The development comes amid heightened global uncertainty, with tensions escalating in the Middle East following attacks on Iran and renewed volatility in US trade policy.

The US Supreme Court recently ruled that US President Donald Trump lacked authority to impose sweeping tariffs under the International Emergency Economic Powers Act, effectively striking down the measures.

Trump has since indicated he could pursue tariffs through other legal avenues, including Section 232 of the Trade Expansion Act, which are sector-specific tariffs.

The administration has already used Section 232 to impose duties of about 25% on semiconductor imports in January, covering specific high-end advanced computing chips critical for artificial intelligence (AI).

All this could pose downside risks to Malaysia’s manufacturing sector.

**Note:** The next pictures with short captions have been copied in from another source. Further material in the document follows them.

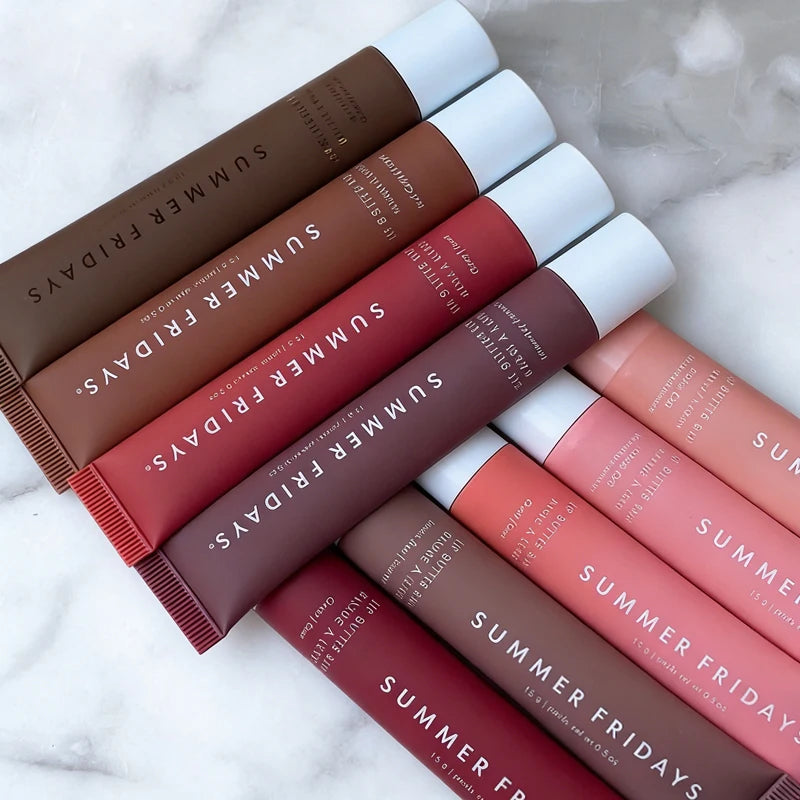 NEW Summer Fridays Mini Lip Gloss Set Vanilla Beige Lip Balm Long Lasting Moisturizing Smooth Soft Tube Makeup Lip Care Suit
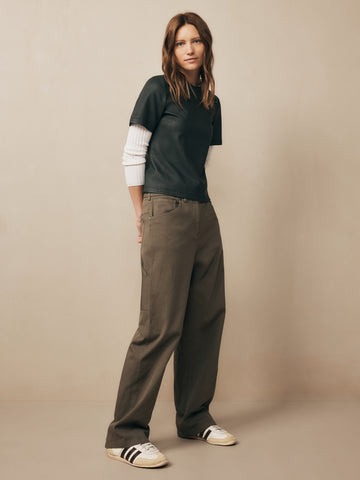 TWP Dark olive Mila Pant in Cotton Twill view 2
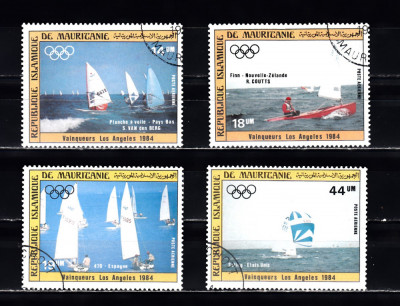 A12 S2 7 - Timbre foarte vechi - Mauritania - JO Los Angeles 1984 - Yahting foto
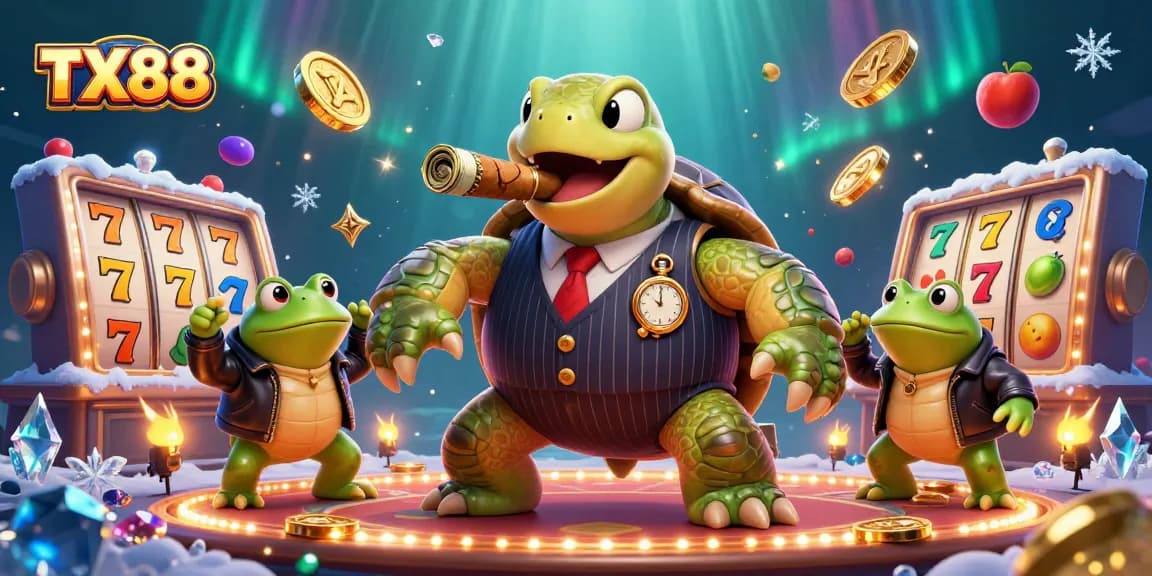 Spin winning slots at TX88, featuring a cartoon turtle mobster and exciting casino elements.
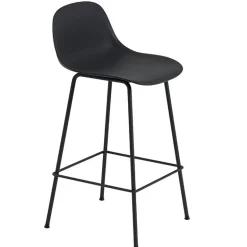 Muuto Fiber counter stool with backrest, 65 cm, tube base, black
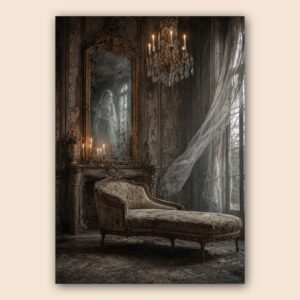 Décor ancien sombre avec chaise longue, miroir et chandelles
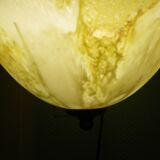 Suspension in gold metal with chains and opaque basin with brown cast designs -60s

Bank Muamalat Malaysia Bhd head of economics, market analysis and social finance Mohd Afzanizam Abdul Rashid said while the US Supreme Court’s decision may have given a sense of relief to manufacturers, Trump’s adamant stance to enact tariffs using other routes will increase the cost of doing business in the United States.

“As such, the main concern would be demand from the United States could slow. In addition to that, the war in Iran has led to higher crude oil prices which could affect the energy cost for the businesses and households. In that sense, the downside risk from slower global growth has become elevated,” he said.

Brent crude oil has risen by nearly 20% to US$87.44 per barrel since the start of the US-Iran conflict.

Yii said the PMI introduces “meaningful execution risk” for the E&E sector in the near-term, despite the fact that the country continues to attract investment as a geopolitically neutral hub in the US-China tech rivalry.

He said the E&E sector’s recovery is deeply bifurcated where front-end strength is concentrated in AI data-centre chips and high-bandwidth memory; segments where Malaysia’s outsourced semiconductor assembly and test, as well as electronics manufacturing services ecosystem currently has limited direct exposure.

“On the other hand, legacy automotive, industrial, and consumer segments – the bulk of Malaysia’s manufacturing base – are still working through inventory digestion.

This is precisely where the capital expenditure (capex) cycle matters: investment commitments being made today in advanced packaging and fab capacity carry a 12 to 18 month lag before translating into production volumes and export revenues – the February PMI softness reflects exactly that gap.

“Net-net, the eventual realisation of capex commitments by global technology companies remains a big factor for further PMI expansion down the road,” Yii said.

Yong, however, noted that monthly PMI prints are inherently noisy and frequently lag the structural dynamics that drive earnings cycles for listed technology holdings.

The important nuance here, Yong said, is that recovery is not broad-based, as recent Bursa Malaysia December 2025 quarter results make clear.

“Our outlook for the local technology and E&E industries remains intact. The divergence remains stark — AI infrastructure and advanced packaging drive outperformance; legacy consumer electronics and radio-frequency segments continue to lag,” he said.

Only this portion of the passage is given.